Task 1: Derive stream network and associated catchments
1. Select Base DEM Grid: ned_nh
2. Fill DEM
- In Basic Grid Analysis in sequence from top to bottom, click "Fill Pits."
- Name output filled grid “ned_nhfil.”
- Check “Add layer(s) upon completion.”
3. D8 flow direction
- Input: filled DEM
- Output D8 flow direction grid: ned_nhfdr
4. D8 contributing area
- Input: D8 flow direction grid, ned_nhfdr
- Output D8 contributing area: ned_nhfac
5. Stream delineation 1
- Click “Stream Definition” and choose a “reasonable” drainage area. Look at the
extent of the “nhdflowline” stream network to help with this choice.
- Output defined stream network: nhStr_(drainage_area) (fill in your threshold drainage
area)
6. Stream segmentation: nh_Strlnk_(drainage_area)

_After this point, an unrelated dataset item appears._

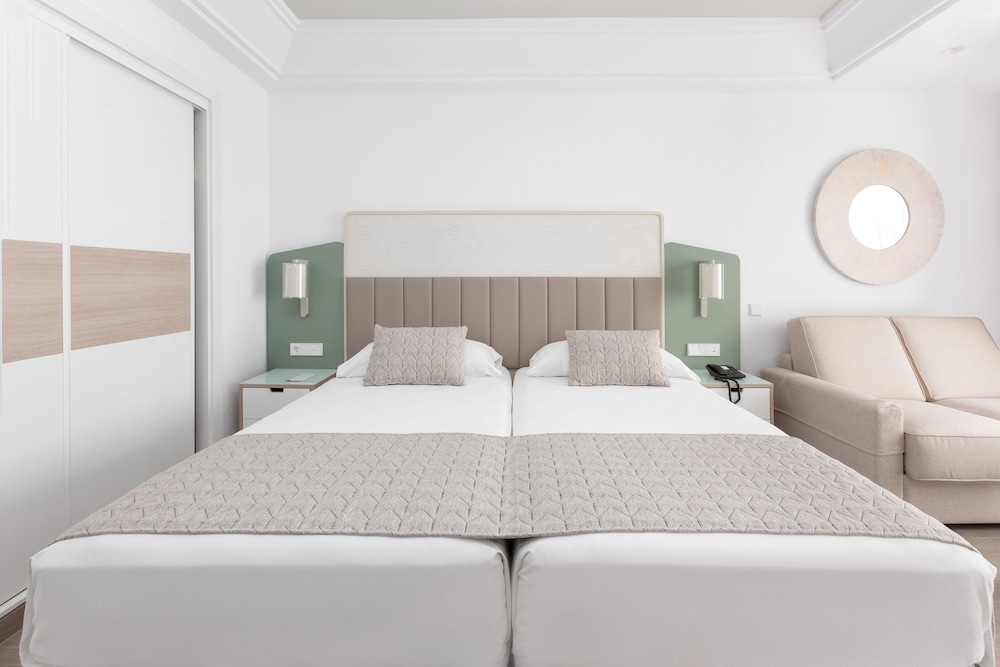 Habitación doble, balcón, vistas al jardín (Sofa Bed) del hotel Riu Gran Canaria - All Inclusive. Foto 3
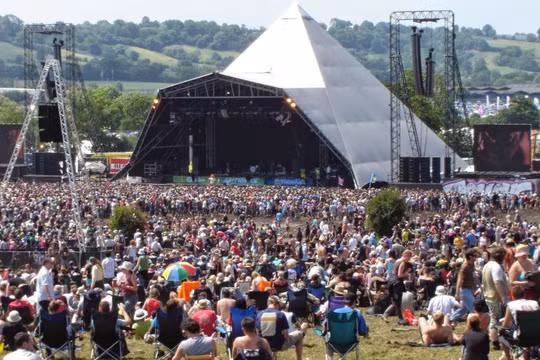 Biển người tham dự lễ hội âm nhạc Glastonbury - Ảnh: eltondaily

7. Catchment Grid Delineation: nh_Str(drainage_area)_cat
8. Catchment polygon processing to form vector catchment polygons: nh_Catchment
9. Drainage Line Processing to form vector stream network: nh_DrainageLine
10. Make map with 1) vector stream (nh_DrainageLine) and 2) catchment boundary
(nh_Catchment) that you made in Task1, and 3) nhdflowline.
Q1. How many subcatchments were formed in your watershed partitioning? What was
the drainage area in hectares that you used to define the beginning of each channel?
305 subcatchments were formed. The drainage area was defined as 3500 cells, each cell is 20 ft
by 20 ft, so 3500 cells * 400 ft2/cell * (9.290304 × 10-6) hectares/ft2 = 13 hectares
Q2. Remember this is all a model. What key assumptions were made, and how would you
want to improve the watershed delineation to better match field conditions?
Stream network made from DEM, which is just elevation. An important assumption is that
elevation can be used to map the stream network. The network is made purely from a DEM,
which uses the elevation values to map the stream. This is where problems like pits and sinks
occur, so they must be filled. The problem is that by filling these pits, we are really simplifying
the terrain. There could be storm water holding areas, which could account for the pits, or
various other things in the topology of the area that causes the streams to not have as much
connectivity as this model might suggest. We are also use D-8 flow direction mapping, which is
a problem because it only sees streams as lines instead of something that has width. It also only
allows one direction of flow, whereas a stream might have multiple flow directions. Another
issue is that it is very difficult to make the stream network derived from this data match the
actual flow lines from vector mapping. The data will always be a little off, but that is to be
expected with models.
To improve the model to better match field conditions, one could find out specifically which
sinks not to fill, and find a way to allow the streams to flow in more than one direction, such as
using D-infinity as opposed to D-8 flow direction. This would allow a more natural flow of the
stream to find more natural catchment boundaries.
Task 2: Derive catchment level statistics of land cover
1. Zonal statistics (mean) for impervious cover for all catchments – map and table using
hydroid
2. Zonal statistics (majority) for land cover for all catchments – map and table using hydroid
3. Zonal statistics histogram for land cover for all catchments – table using hydroid
Q3. Make impervious cover and land cover zonal statistics maps with your catchment
boundary shape file. According to the zonal maps and tables, what is the range of %
impervious area for the catchments?
According to the tables and the mean percentage map, the highest percentage of impervious land
cover is 60.7195% and the lowest is 0%.